Not to be confused with International Rugby Hall of Fame.

The IRB Hall of Fame is a hall of fame operated by the International Rugby Board (IRB) that recognises special achievement and contribution to the sport of rugby union. The IRB Hall of Fame covers players, coaches, administrators, match officials, institutions and other individuals.[1] The Hall of Fame recognises the history and important contributions to the game, through one or more induction ceremonies that have been held annually except in 2010.

The IRB Hall of Fame was introduced during the 2006 IRB Awards ceremony in Glasgow, Scotland. The inaugural inductees were William Webb Ellis, who apocryphally caught the ball during a football game and ran with it, and Rugby School, which has left a huge legacy with the game in a number of ways. IRB Chairman, Dr Syd Millar, said “To commemorate the establishment of the IRB Hall of Fame and to recognise the proud history and traditions of the Game, including its origins, William Webb Ellis and Rugby School were enrolled into the IRB Hall of Fame,” added Dr Millar.[2]

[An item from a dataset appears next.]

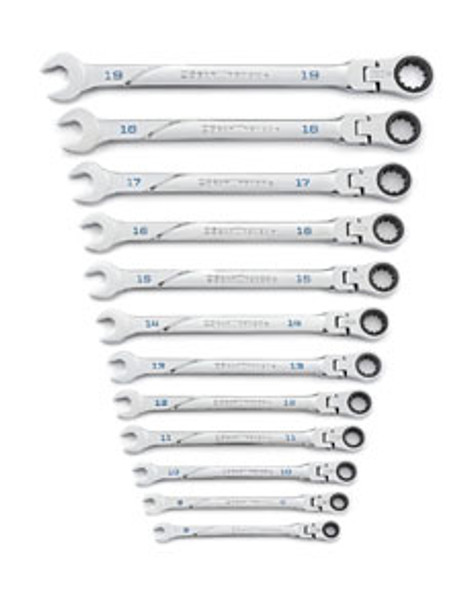 120XP Universal Spline Metric XL Combination Ratcheting Wrench Set, 12Pc 86229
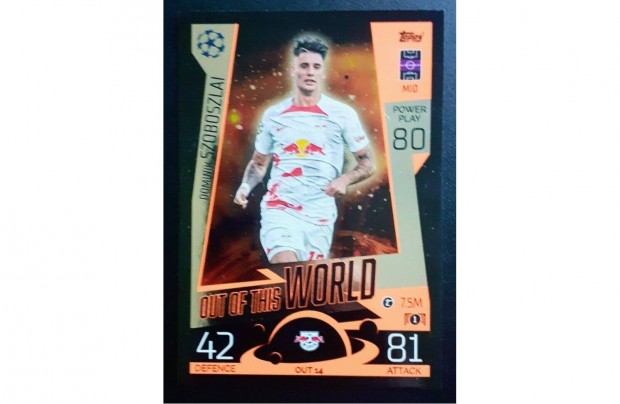 Szoboszlai Dominik Leipzig Out Of This World focis krtya Match Attax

The second induction to the IRB Hall of Fame took place in Paris on October 21, 2007, the night after the 2007 Rugby World Cup Final.[3] The next induction was in London on November 23, 2008.[4]

The third induction, in which nine figures entered the Hall, was held on October 27, 2009 at Rugby School. The voting process for the class of 2009 was geared toward the history of British and Irish Lions tours to South Africa, the most recent of which took place in that year; all of the candidates were either Lions or Springboks.[5]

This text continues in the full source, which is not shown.